When it comes to providing corporate renewable energy on the scale needed to attract big businesses, not all states are created equal. In a recent GreenBiz article, an analyst for the World Resource Institute cites nearly half of Fortune 500 companies are pursuing sustainability or renewable energy goals. How quickly they reach those goals depends in part on where they choose to locate.
A report from Retail Industry Leaders Association (RILA) and Information Technology Industry Council (ITI) ranks all 50 states according to how easy each makes it for businesses to purchase renewable energy.
For many innovative businesses, choosing a location to operate often comes down to the structure of a state’s electricity market.
From the article:
“Overall, states with deregulated electricity markets earned higher rankings because companies in those states had ‘retail choice,’ meaning customers can choose which energy provider supplies their electricity.”

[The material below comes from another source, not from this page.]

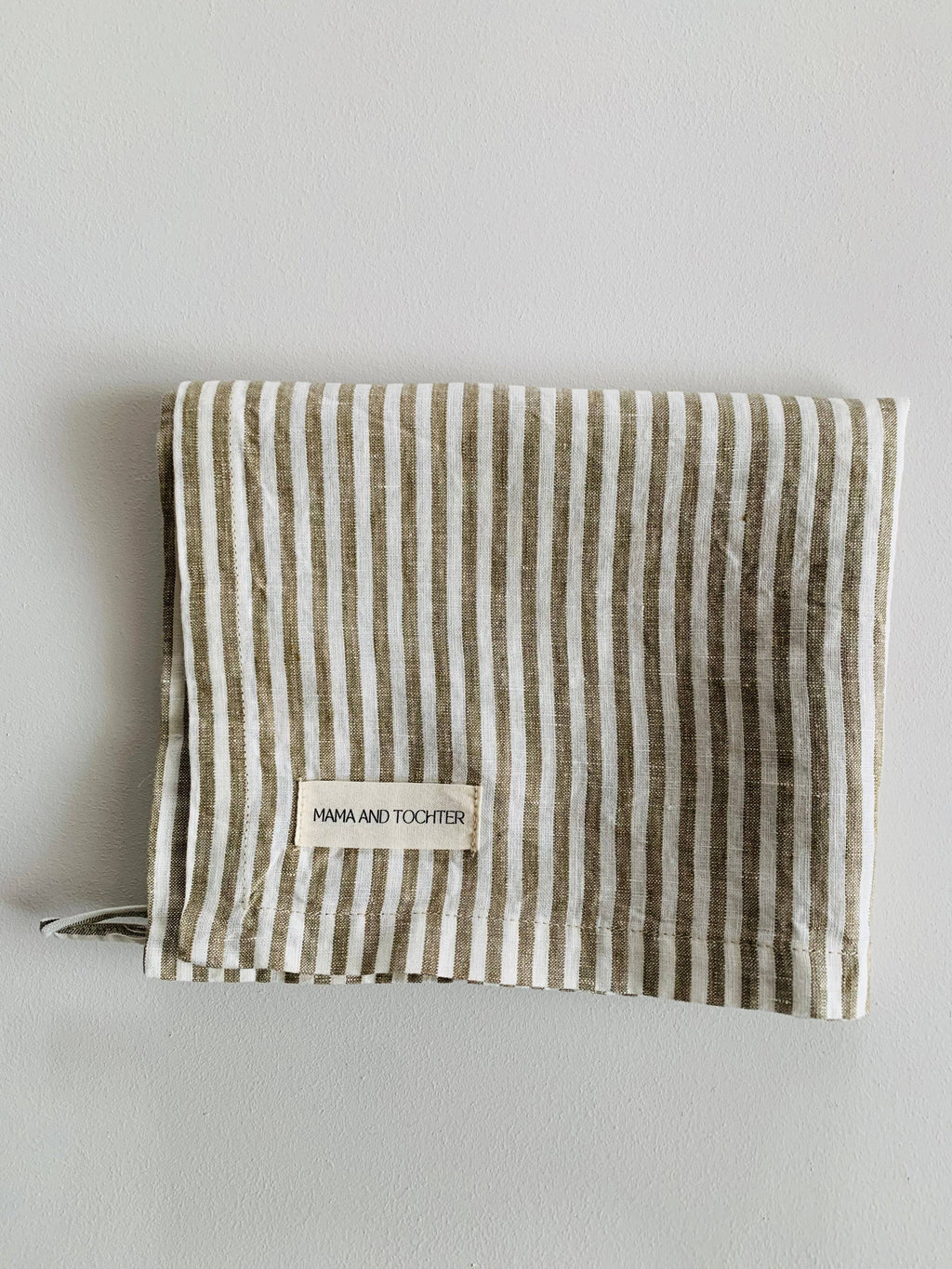 Tea Towel | Pure French Linen - Olive Pinstripe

That could lead to the logical conclusion that states with regulated markets (with a monopoly utility determining the source of electricity it provides to all customers) are less competitive. That assumption could be wrong.
Iowa has a regulated electricity market and still ranks as one of the easiest states for big companies to purchase renewable energy to power their operations. That’s because Iowa supports a program of “green tariffs.”
Also from the article:
“A green tariff is a large-scale purchasing program where customers can work with their utility to source up to 100 percent of their electricity from renewable resources through a fixed rate.”
Green tariff programs across the U.S. have been credited with producing 450 megawatts of affordable renewable energy. That avoids an estimated 554-thousand metric tons of carbon dioxide that would have been generated, clearly illustrating one of the benefits of green business practices.
Creativity and flexibility are essential for states with regulated markets to retain and attract businesses seeking renewable energy options. Utilities, regulators, and large customers must cooperate to establish an easy and cost-effective process for procuring affordable renewable energy.